### DATA TO PROCESS
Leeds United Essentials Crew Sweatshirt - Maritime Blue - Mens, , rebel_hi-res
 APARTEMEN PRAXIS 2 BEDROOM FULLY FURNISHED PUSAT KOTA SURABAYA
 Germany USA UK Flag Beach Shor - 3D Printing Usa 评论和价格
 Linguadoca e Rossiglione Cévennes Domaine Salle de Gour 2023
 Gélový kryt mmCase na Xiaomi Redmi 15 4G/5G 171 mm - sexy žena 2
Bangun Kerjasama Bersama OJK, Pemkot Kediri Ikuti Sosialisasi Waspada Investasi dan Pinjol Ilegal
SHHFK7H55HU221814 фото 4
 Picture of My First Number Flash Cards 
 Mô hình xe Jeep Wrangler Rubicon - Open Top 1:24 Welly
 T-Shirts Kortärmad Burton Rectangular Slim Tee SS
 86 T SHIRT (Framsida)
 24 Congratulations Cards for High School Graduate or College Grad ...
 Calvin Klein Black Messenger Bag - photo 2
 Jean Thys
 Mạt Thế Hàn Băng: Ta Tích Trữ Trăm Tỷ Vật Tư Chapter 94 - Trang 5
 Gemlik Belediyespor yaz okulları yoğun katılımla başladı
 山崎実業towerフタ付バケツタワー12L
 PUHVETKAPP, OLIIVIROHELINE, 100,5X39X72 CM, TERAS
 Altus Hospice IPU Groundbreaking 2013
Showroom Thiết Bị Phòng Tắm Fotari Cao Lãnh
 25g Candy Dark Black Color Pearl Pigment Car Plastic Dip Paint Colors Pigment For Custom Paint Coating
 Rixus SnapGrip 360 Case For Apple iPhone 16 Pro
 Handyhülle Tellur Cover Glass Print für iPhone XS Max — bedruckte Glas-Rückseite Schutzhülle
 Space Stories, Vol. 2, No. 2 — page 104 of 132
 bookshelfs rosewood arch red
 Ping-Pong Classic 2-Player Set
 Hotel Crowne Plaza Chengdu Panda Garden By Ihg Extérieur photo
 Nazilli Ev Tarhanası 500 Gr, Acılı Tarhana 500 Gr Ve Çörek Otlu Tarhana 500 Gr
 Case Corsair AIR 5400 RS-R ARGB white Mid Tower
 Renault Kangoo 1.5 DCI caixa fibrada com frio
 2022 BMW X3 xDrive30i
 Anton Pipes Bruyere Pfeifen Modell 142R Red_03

### DIRECTIONS
Output exactly the lines of the material above from the one containing "APARTEMEN PRAXIS 2" up to and including the one containing "bookshelfs rosewood arch red".

### SOLUTION TO THIS PROBLEM
 APARTEMEN PRAXIS 2 BEDROOM FULLY FURNISHED PUSAT KOTA SURABAYA
 Germany USA UK Flag Beach Shor - 3D Printing Usa 评论和价格
 Linguadoca e Rossiglione Cévennes Domaine Salle de Gour 2023
 Gélový kryt mmCase na Xiaomi Redmi 15 4G/5G 171 mm - sexy žena 2
Bangun Kerjasama Bersama OJK, Pemkot Kediri Ikuti Sosialisasi Waspada Investasi dan Pinjol Ilegal
SHHFK7H55HU221814 фото 4
 Picture of My First Number Flash Cards 
 Mô hình xe Jeep Wrangler Rubicon - Open Top 1:24 Welly
 T-Shirts Kortärmad Burton Rectangular Slim Tee SS
 86 T SHIRT (Framsida)
 24 Congratulations Cards for High School Graduate or College Grad ...
 Calvin Klein Black Messenger Bag - photo 2
 Jean Thys
 Mạt Thế Hàn Băng: Ta Tích Trữ Trăm Tỷ Vật Tư Chapter 94 - Trang 5
 Gemlik Belediyespor yaz okulları yoğun katılımla başladı
 山崎実業towerフタ付バケツタワー12L
 PUHVETKAPP, OLIIVIROHELINE, 100,5X39X72 CM, TERAS
 Altus Hospice IPU Groundbreaking 2013
Showroom Thiết Bị Phòng Tắm Fotari Cao Lãnh
 25g Candy Dark Black Color Pearl Pigment Car Plastic Dip Paint Colors Pigment For Custom Paint Coating
 Rixus SnapGrip 360 Case For Apple iPhone 16 Pro
 Handyhülle Tellur Cover Glass Print für iPhone XS Max — bedruckte Glas-Rückseite Schutzhülle
 Space Stories, Vol. 2, No. 2 — page 104 of 132
 bookshelfs rosewood arch red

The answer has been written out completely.